With the pictures removed, write out the full listing below exactly.

***** DATA PROVIDED

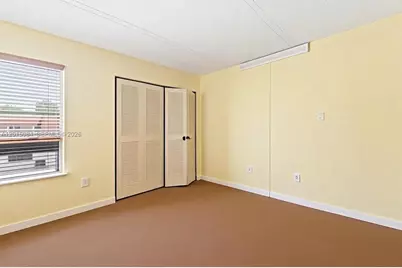 606 NW 107th Ave #9B, Miami, FL 33172 - Photo 16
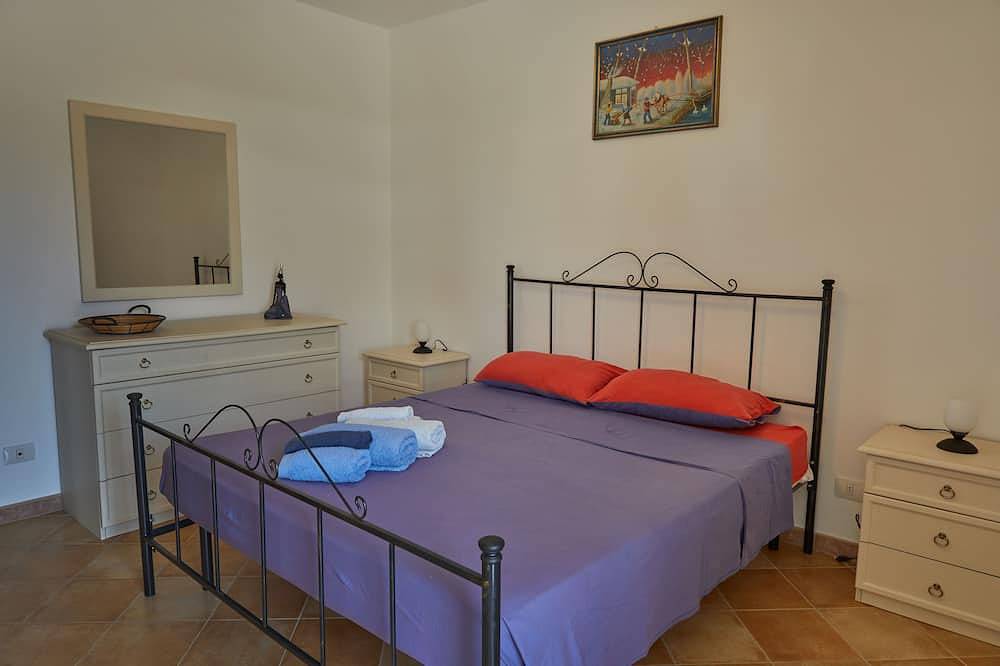 Ganze Wohnung, Badolato Wohnungen: White Beach, Sun. Juni / Juli Angebot 100 Euro / Woche / Person in Badolato, Catanzaro Provinz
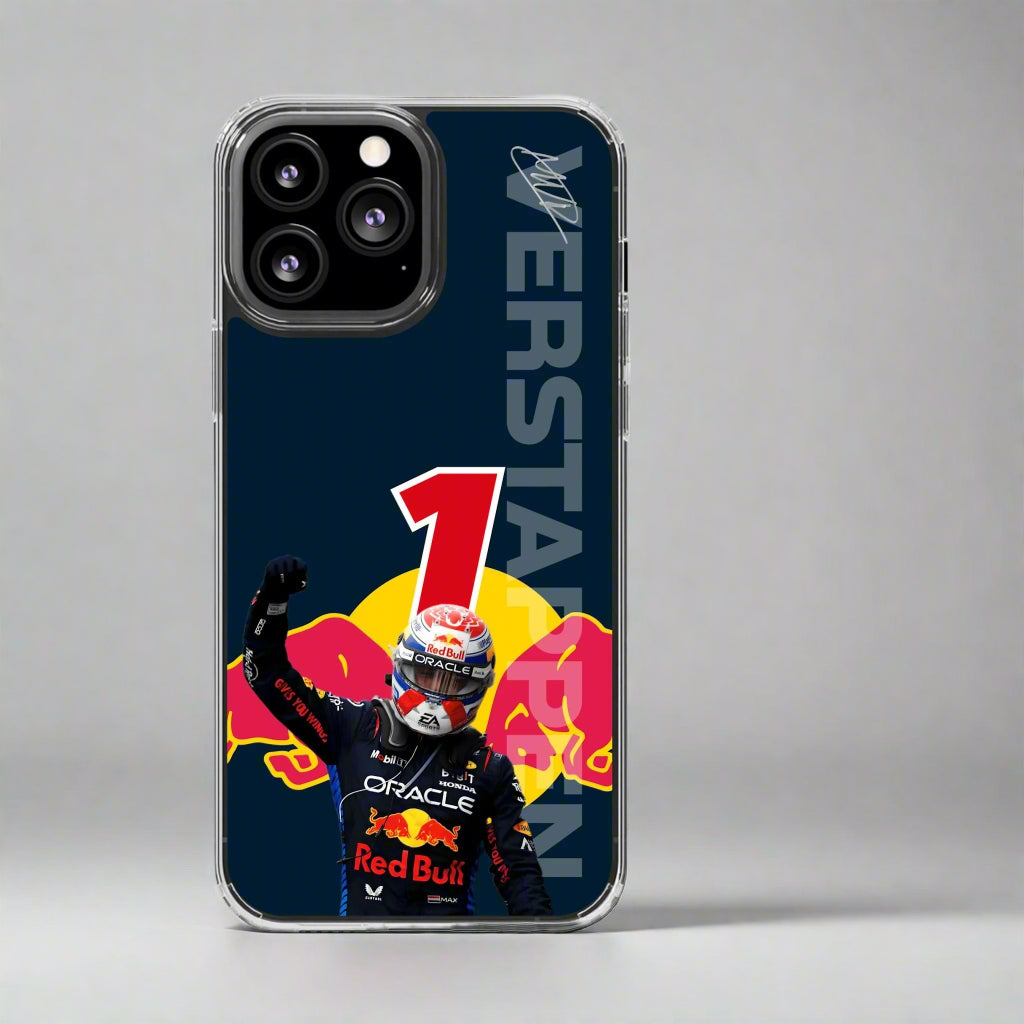 49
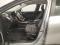 preview Renault Captur #5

**********

## FINAL ANSWER
 606 NW 107th Ave #9B, Miami, FL 33172 - Photo 16
 Ganze Wohnung, Badolato Wohnungen: White Beach, Sun. Juni / Juli Angebot 100 Euro / Woche / Person in Badolato, Catanzaro Provinz
 49
 preview Renault Captur #5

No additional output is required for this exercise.